» Try it
Once the line with "Ein Bananenshake wird zubereitet" is found in the entries below, print it and each following line exactly, stopping after the line with "yoonhee-kiss webcam"; print nothing else.

» Records for this task
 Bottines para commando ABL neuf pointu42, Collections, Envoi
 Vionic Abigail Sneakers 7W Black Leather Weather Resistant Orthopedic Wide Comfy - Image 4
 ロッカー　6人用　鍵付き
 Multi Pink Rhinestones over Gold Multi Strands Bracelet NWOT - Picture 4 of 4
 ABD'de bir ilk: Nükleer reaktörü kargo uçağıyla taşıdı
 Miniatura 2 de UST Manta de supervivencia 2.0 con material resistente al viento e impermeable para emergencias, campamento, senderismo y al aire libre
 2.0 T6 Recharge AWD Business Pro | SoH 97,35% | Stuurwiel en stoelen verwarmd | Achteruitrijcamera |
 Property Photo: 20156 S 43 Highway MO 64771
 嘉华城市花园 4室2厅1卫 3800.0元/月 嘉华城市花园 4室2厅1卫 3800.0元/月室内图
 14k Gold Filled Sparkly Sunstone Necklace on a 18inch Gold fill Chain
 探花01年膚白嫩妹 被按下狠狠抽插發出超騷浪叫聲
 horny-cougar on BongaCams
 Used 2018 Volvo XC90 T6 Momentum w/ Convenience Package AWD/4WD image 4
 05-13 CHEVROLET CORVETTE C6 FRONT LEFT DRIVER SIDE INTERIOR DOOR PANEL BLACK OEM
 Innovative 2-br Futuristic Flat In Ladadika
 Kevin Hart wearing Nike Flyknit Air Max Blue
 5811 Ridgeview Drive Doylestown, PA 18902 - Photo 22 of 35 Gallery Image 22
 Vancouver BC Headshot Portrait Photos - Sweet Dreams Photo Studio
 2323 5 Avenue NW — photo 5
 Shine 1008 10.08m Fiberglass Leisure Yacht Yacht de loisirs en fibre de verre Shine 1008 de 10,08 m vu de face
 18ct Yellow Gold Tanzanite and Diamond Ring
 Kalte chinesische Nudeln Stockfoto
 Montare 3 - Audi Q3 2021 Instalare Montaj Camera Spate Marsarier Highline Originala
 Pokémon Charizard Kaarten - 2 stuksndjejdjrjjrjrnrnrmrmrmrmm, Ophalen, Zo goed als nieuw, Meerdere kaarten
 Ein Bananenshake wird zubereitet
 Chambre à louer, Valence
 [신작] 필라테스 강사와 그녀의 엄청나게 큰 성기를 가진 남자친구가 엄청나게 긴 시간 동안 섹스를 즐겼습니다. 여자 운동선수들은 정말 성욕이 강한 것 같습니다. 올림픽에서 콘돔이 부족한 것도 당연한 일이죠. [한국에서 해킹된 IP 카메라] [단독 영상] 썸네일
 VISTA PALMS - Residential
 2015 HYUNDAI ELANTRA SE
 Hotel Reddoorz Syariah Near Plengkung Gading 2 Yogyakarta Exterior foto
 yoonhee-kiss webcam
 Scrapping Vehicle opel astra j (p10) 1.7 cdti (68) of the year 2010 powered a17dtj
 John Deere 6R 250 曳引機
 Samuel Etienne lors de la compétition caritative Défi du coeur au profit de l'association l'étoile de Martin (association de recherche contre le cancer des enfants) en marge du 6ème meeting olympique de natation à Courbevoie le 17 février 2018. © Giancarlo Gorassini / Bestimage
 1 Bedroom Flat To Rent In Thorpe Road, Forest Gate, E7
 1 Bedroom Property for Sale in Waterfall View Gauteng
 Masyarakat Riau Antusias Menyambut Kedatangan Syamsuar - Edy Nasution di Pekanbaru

» Your response
 Ein Bananenshake wird zubereitet
 Chambre à louer, Valence
 [신작] 필라테스 강사와 그녀의 엄청나게 큰 성기를 가진 남자친구가 엄청나게 긴 시간 동안 섹스를 즐겼습니다. 여자 운동선수들은 정말 성욕이 강한 것 같습니다. 올림픽에서 콘돔이 부족한 것도 당연한 일이죠. [한국에서 해킹된 IP 카메라] [단독 영상] 썸네일
 VISTA PALMS - Residential
 2015 HYUNDAI ELANTRA SE
 Hotel Reddoorz Syariah Near Plengkung Gading 2 Yogyakarta Exterior foto
 yoonhee-kiss webcam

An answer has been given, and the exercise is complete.